I recently reviewed
Trio con Forza, a bracing selection
of contemporary works performed by HOT3,
a group composed of viola, guitar and
flute. Hot on its heels comes this disc
of works almost all of which are dedicated
to the viola protagonist Henrik Frendin
and which sports the title Viola con
Forza. One intriguing aspect is that
the works have been written with him
in mind or in collaboration with him.
Frendin becomes, in the notes’ words,
co-creator of these pieces due to the
latitude for improvisation inherent
in them, as in the case of Henrik Frisk’s
Drive in which fragments are infinitely
variable and buildable upon.
Daniel Nelson’s Romantatronic
has a fair deal of romantic keening
and occasional granitic orchestral interjections.

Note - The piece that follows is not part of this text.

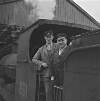 Billie Hughes  & friend on train, Limerick City, Co. Limerick.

In the main though there is a slow moving
rather threnody-like aspect to the work
that is astutely judged. Later on the
viola subverts the original schema and
disrupts the orchestral statements with
interjections of its own. The second
movement is elegant and rhythmic with
considerable elasticity of material
and a genuine aspiration to the condition
of song. Jörgen Dafgård’s
For the Sleeping: Dream Sonata is for
viola and tape. The sonorities generated
are intensely "swoony" with
the viola mining some viscerally onomatopoeic
sounds, whilst the tape mixes things
up in the channels to create a slightly
disorientating feeling. Some stridency
and drama is there but so too is a dream
lightness and a drizzle of ambient voices.
Kent Olofsson and Frendin
have collaborated on Alinea Variations
and it’s built on the foundations of
a similarly titled piece for string
quartet and computer. It manages to
fuse string simplicity with tempestuous
and sinuously tough writing. Olofsson’s
own Nepenthe for viola d’amore – a new
use for an old instrument – shows his
ruminative side and is very attractive.
With Wrong Music we are introduced to
Fredrik Söderberg, whose ambition
was to create with it a "chill-out
in a modern music context." I’m
not sure what this means but we have
a rather ceremonial whiff of Japanoiserie,
ceremonial bells and powerful brass,
playing repeatedly in alt and
a lot of bent notes. Henrik Frisk shows
distinct affinities with the Second
Viennese School with Drive (for Electric
Viola Grande and live electronics),
a short five-minute piece. The EVG is
a specially-designed five stringed instrument,
electrically amplified, which nevertheless
still tries to retain the acoustic principles
of the conventional viola. Frendin also
teams up with composer Fredrik Emilson
for Soft Christ, which, since the notes
speak of an ultimate convergence in
a "sacred epilogue," must
have some religious or spiritual significance.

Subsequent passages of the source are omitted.